Investing in high-quality dividend growth stocks, such as the Dividend Aristocrats, might not be the most exciting idea. But for risk-averse investors, buying “boring” stocks can be a good thing.

An example of this is giant food distributor Sysco (SYY). There is nothing overly exciting about Sysco’s business model, but it has been extremely rewarding for shareholders over time.

Sysco has increased its dividend each year for over 30 years in a row, and the stock has generated strong returns for investors. In the past 20 years, Sysco delivered total returns of 11.1% per year, compared with just 5.8% annual returns for the S&P 500 Index in the same time.

Sysco has proven that sometimes slow-and-steady wins the race for long-term investors.

Business Overview And Growth

Sysco is a large food distributor, with 2018 sales of $58.7 billion. It has a huge network of 600,000 customers, in the U.S. and around the world. It serves a variety of industries, including restaurants which comprise nearly two-thirds of sales, followed by healthcare facilities.

Sysco is performing well, thanks to a strong economic backdrop. The global economy continues to grow, and this has resulted in higher demand. Sysco’s sales increased 6% in 2018, and by 3.2% over the first half of fiscal 2019.

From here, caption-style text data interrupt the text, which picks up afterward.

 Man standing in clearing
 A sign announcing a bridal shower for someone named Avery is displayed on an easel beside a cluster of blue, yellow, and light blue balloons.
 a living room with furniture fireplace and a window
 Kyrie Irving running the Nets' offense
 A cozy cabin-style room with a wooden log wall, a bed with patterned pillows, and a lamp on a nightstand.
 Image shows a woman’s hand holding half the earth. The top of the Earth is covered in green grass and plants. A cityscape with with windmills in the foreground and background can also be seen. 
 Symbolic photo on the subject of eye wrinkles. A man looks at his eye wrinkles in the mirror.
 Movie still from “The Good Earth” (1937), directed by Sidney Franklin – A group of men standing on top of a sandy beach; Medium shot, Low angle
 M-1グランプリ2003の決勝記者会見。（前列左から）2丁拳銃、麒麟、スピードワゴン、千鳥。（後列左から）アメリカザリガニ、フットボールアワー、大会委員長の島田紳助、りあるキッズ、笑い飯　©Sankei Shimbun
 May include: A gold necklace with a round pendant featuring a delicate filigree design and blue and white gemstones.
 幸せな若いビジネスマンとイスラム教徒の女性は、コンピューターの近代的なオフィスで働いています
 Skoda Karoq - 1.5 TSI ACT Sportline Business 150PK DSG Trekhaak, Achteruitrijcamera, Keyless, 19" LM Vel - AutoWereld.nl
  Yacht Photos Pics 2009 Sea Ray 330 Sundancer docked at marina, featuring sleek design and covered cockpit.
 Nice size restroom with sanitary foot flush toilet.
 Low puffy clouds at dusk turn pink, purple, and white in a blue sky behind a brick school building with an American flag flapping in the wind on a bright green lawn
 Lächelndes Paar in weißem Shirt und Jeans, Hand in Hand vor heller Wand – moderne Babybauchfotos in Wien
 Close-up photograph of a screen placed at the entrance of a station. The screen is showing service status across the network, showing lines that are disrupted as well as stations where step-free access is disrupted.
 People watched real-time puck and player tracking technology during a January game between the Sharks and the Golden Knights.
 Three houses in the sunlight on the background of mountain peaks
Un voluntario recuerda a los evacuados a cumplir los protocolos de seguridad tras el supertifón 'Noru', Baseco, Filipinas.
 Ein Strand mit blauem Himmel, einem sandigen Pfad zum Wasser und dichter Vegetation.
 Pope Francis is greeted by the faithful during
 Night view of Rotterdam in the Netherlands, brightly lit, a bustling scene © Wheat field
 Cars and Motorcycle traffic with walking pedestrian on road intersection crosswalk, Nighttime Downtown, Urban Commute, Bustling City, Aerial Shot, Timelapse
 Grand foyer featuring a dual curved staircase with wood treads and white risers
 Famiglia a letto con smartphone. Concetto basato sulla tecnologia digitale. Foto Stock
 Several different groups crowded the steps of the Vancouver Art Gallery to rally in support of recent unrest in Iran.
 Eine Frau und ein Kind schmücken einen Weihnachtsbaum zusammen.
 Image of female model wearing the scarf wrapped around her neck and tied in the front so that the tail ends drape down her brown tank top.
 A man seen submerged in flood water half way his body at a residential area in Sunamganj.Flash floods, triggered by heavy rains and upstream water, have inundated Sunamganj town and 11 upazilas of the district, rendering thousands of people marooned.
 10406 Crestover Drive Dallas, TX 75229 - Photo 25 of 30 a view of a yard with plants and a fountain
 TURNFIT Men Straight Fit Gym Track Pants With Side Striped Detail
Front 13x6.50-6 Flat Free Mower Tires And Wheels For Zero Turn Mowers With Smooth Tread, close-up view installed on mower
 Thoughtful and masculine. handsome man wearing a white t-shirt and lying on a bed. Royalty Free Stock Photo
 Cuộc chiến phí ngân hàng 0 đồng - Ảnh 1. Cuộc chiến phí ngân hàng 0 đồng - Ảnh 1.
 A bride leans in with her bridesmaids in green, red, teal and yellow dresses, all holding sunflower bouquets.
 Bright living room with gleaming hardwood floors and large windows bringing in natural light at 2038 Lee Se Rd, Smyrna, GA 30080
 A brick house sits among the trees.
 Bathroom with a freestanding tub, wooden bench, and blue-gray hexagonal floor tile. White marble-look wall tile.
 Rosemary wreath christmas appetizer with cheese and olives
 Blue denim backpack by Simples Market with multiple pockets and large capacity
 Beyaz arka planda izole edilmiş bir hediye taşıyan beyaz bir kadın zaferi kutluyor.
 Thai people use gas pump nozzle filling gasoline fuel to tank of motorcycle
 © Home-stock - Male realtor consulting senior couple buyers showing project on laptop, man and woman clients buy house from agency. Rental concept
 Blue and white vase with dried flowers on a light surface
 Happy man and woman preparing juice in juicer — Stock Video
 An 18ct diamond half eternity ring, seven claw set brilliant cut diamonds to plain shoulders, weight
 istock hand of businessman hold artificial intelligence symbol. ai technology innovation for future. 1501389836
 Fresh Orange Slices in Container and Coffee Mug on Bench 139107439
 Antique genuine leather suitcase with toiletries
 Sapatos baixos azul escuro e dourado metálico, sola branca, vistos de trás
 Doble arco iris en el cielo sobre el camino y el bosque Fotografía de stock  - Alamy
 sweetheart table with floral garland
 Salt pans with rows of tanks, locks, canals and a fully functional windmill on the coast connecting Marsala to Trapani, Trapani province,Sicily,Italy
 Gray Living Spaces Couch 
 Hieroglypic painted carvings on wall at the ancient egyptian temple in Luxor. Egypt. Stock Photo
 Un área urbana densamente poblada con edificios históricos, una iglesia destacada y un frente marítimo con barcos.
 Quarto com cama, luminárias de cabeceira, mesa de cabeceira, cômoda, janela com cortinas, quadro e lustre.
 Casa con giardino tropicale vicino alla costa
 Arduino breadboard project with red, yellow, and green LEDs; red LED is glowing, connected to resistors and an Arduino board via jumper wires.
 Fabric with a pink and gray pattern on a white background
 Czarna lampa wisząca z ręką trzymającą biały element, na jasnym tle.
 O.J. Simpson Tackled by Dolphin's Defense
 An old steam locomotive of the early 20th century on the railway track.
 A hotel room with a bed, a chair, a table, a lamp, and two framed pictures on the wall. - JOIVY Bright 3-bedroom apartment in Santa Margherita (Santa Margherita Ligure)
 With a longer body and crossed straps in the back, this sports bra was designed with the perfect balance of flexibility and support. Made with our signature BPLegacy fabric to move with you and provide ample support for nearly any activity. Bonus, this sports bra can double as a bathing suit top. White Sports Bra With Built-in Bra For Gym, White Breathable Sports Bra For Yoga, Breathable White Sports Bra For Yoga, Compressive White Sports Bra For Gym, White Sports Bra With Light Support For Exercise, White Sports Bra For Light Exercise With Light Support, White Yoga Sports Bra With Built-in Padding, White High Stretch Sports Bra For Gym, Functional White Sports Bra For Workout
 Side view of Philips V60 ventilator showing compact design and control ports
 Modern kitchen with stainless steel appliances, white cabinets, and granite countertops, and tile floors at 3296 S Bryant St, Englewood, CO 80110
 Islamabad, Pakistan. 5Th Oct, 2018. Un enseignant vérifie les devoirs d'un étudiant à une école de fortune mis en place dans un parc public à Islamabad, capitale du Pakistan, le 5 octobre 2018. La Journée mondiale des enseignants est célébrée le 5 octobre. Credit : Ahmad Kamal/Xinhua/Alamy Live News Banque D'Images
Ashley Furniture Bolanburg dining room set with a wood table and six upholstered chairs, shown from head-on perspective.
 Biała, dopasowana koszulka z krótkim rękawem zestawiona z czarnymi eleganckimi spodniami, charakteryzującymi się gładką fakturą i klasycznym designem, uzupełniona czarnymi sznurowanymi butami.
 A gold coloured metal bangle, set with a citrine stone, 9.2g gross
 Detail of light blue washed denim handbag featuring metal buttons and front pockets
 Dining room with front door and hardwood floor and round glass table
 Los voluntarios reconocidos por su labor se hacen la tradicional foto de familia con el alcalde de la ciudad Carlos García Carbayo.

The U.S. segment is leading the way for Sysco. The company’s core U.S. Foodservice operating segment posted 4.2% sales growth in the most recent quarter, driven by 2% organic growth as well as additional growth from acquisitions.

Sysco’s leading industry position allows it to expand profit margins, even in an inflationary environment. Gross margin expanded by six basis points to 19.8% last quarter, despite a 1.4% increase in food cost inflation.

The combination of higher sales, margin expansion, and share repurchases fueled 9% earnings growth over the first half of the current fiscal year. This is a steady rate of growth that is highly typical of Sysco, year in and year out.

Feeding Investors With Dividend Growth

From fiscal 2014 through 2018, Sysco grew its adjusted EPS by 15.5% per year, on average. This has allowed the company to continue rewarding investors with share buybacks, which have helped boost EPS growth, and dividend growth as well.

Sysco has fully capitalized on the steady economic growth over the past 10 years. But one of the more attractive aspects of Sysco’s business model is that it is also resistant to recessions. During the Great Recession, Sysco’s EPS increased 13% in 2008, and declined just 2% in 2009. EPS increased another 12% in 2010.

Sysco benefits from a highly stable operating environment. Food is a basic necessity, which means the company sees a certain level of demand each year, even during an economic downturn.

Sysco has the ability to remain highly profitable and continue to grow earnings through all economic cycles. This means investors can be fairly certain that the company will increase its dividend each year.

Sysco stock has a dividend yield of 2.4%, and is likely to announce a dividend increase for the next quarterly declaration. A resilient business model and annual dividend increases make Sysco a worthwhile holding for long-term dividend growth investors.

Ben Reynolds is CEO of Sure Dividend. Sure Dividend helps individual investors build high quality dividend growth stock portfolios for the long run.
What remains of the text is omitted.